### TRY IT:
Look through the entries below, please, and copy every line with the word "фото".

### MATERIAL SUPPLIED:
━━━

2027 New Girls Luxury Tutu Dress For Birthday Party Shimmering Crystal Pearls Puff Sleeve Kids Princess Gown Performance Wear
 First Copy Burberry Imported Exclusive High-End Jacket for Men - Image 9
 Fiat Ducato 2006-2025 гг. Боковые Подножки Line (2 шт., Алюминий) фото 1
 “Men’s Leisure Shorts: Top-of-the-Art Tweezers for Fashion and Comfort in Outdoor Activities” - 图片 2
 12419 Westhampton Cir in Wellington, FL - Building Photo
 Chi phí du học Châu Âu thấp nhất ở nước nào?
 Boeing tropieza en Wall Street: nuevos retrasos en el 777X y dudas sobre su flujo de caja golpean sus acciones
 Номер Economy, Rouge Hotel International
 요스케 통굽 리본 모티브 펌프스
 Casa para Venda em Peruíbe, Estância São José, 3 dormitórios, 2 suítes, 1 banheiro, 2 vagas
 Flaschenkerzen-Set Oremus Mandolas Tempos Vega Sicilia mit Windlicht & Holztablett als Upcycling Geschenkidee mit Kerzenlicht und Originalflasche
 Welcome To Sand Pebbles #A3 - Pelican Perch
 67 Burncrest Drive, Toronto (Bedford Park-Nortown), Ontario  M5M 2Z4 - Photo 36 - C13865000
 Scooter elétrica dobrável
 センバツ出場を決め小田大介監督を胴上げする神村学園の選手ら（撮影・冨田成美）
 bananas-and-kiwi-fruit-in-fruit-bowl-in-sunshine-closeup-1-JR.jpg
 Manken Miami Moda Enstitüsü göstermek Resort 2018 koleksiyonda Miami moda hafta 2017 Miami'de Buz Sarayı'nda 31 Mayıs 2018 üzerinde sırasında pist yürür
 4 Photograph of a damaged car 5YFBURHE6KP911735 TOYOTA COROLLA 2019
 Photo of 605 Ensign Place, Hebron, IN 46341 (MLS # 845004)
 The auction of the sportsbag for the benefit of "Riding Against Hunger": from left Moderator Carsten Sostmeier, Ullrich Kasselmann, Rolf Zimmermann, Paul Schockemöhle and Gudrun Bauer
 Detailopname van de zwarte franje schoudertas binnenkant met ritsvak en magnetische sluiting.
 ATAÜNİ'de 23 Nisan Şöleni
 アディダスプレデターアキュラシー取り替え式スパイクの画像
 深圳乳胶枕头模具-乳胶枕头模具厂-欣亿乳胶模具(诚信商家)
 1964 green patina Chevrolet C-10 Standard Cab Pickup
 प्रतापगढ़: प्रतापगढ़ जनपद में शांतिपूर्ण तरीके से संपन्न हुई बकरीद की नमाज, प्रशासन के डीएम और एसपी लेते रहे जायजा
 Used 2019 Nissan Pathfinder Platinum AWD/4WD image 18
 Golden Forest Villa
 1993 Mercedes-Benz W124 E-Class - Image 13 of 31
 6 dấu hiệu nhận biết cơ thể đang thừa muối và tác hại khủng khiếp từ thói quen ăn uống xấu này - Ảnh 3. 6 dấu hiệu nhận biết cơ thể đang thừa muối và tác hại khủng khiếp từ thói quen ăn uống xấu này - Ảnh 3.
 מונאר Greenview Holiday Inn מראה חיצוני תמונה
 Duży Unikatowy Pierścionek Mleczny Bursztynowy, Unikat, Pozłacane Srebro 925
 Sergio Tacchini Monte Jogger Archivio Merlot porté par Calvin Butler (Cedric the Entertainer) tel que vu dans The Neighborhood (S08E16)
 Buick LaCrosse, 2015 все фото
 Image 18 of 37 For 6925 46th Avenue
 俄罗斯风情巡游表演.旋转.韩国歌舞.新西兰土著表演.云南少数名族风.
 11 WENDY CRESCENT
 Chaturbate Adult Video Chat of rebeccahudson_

━━━

### FINISHED EXERCISE:
 Fiat Ducato 2006-2025 гг. Боковые Подножки Line (2 шт., Алюминий) фото 1
 Buick LaCrosse, 2015 все фото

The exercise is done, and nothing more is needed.